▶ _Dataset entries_
========================

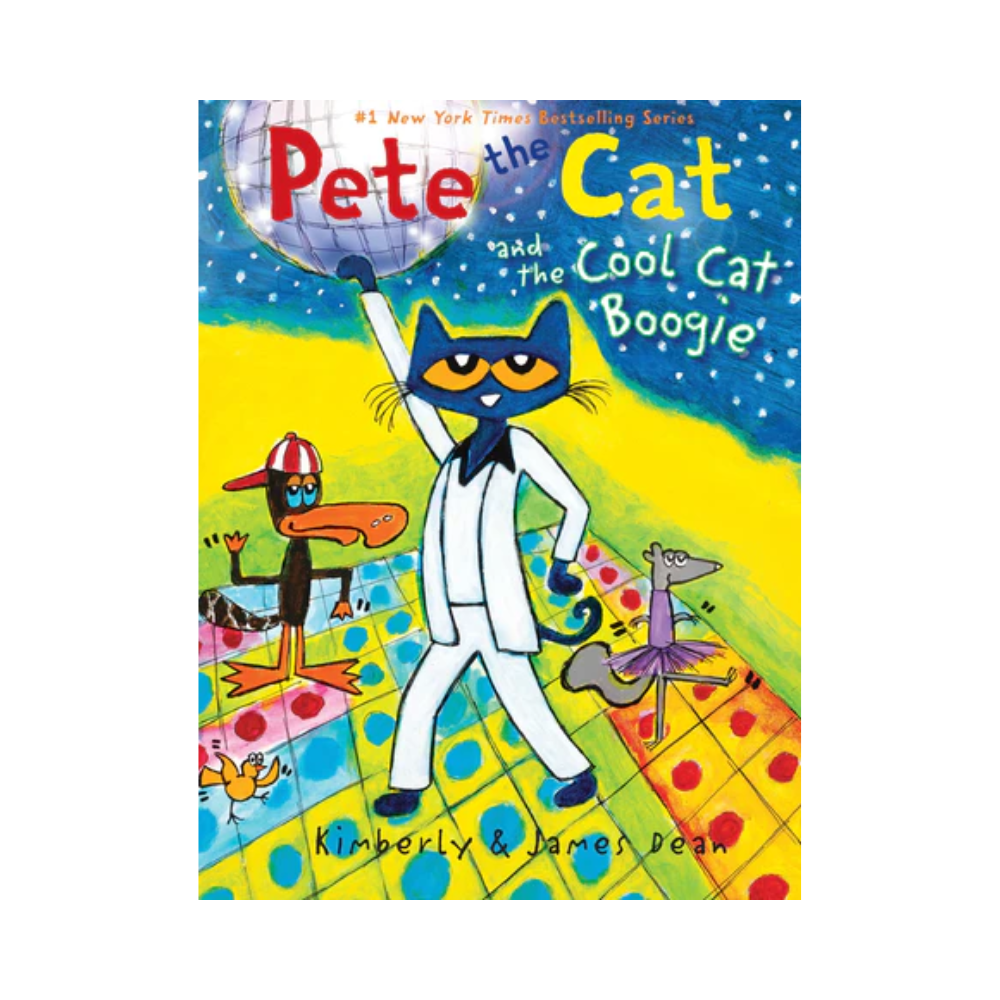 Pete The Cat And The Cool Cat Boogie Pete The Cat And The Cool Cat Boogie
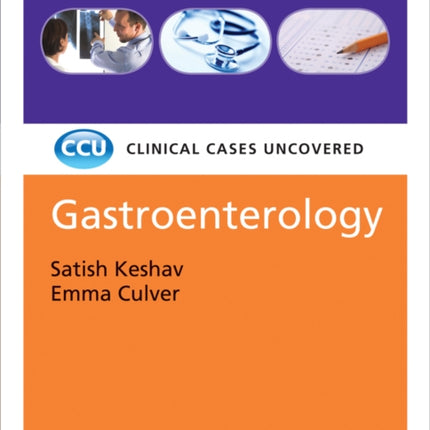 Gastroenterology: Clinical Cases Uncovered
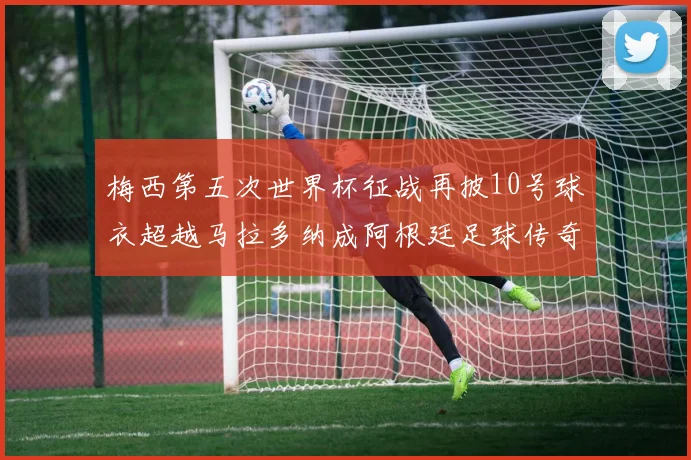 梅西第五次世界杯征战再披10号球衣超越马拉多纳成阿根廷足球传奇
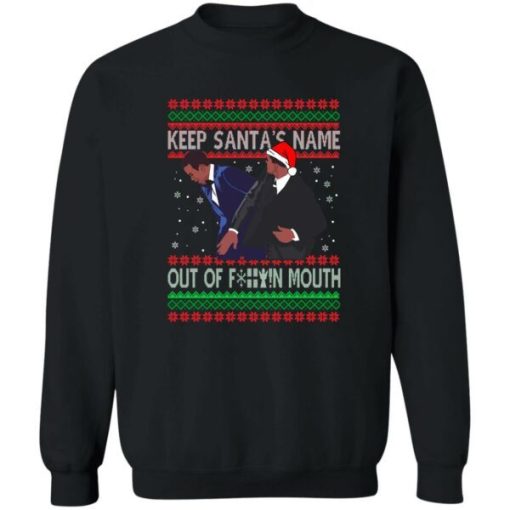 Keep Santas Name Out Of F ck Mouth Christmas Sweater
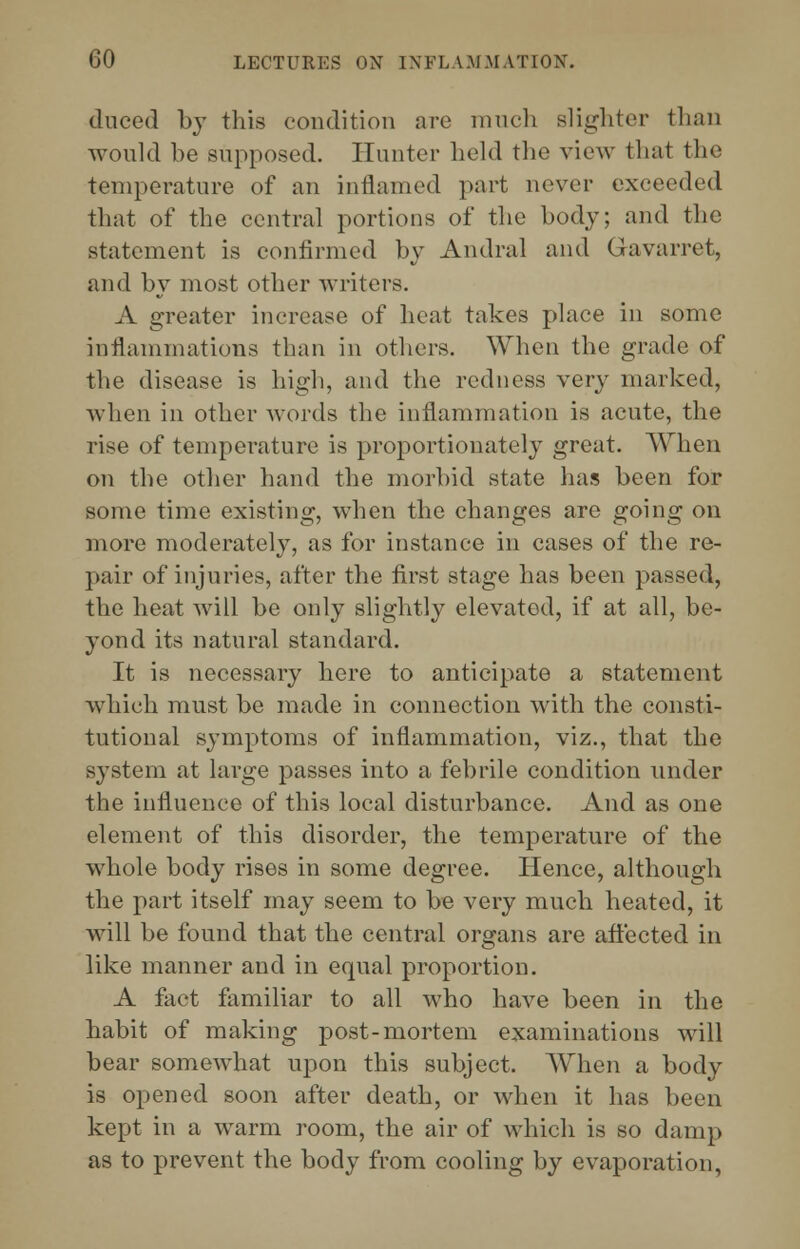 duced by this condition are much slighter than would be supposed. Hunter held the view that the temperature of an inflamed part never exceeded that of the central portions of the body; and the statement is confirmed by Andral and Gavarret, and by most other writers. A greater increase of heat takes place in some inflammations than in others. When the grade of the disease is high, and the redness very marked, when in other Avords the inflammation is acute, the rise of temperature is proportionately great. When on the other hand the morbid state has been for some time existing, when the changes are going on more moderately, as for instance in cases of the re- pair of injuries, after the first stage has been passed, the heat will be only slightly elevated, if at all, be- yond its natural standard. It is necessary here to anticipate a statement which must be made in connection with the consti- tutional symptoms of inflammation, viz., that the system at large passes into a febrile condition under the influence of this local disturbance. And as one element of this disorder, the temperature of the whole body rises in some degree. Hence, although the part itself may seem to be very much heated, it will be found that the central organs are affected in like manner and in equal proportion. A fact familiar to all who have been in the habit of making post-mortem examinations will bear somewhat upon this subject, When a body is opened soon after death, or when it has been kept in a warm room, the air of which is so damp as to prevent the body from cooling by evaporation,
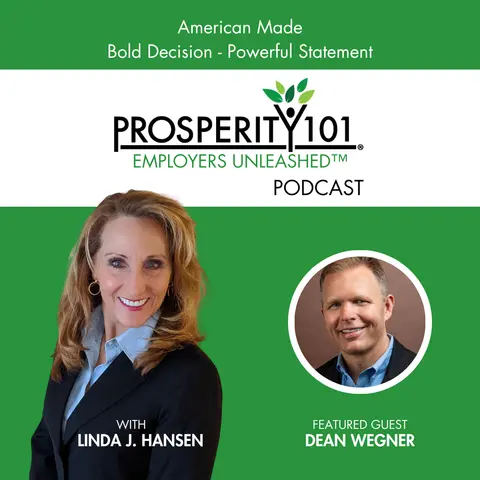 American Made - Bold Decision - Powerful Statement – with Dean Wegner – [Ep. 294]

========================

▶ _AIM OF THE EXERCISE_
Retype the entries above exactly, starting at their first line and ending with the line that holds "Keep Santas Name"; pictures stay out.

▶ _WRITTEN RESPONSE_
 Pete The Cat And The Cool Cat Boogie Pete The Cat And The Cool Cat Boogie
 Gastroenterology: Clinical Cases Uncovered
 梅西第五次世界杯征战再披10号球衣超越马拉多纳成阿根廷足球传奇
 Keep Santas Name Out Of F ck Mouth Christmas Sweater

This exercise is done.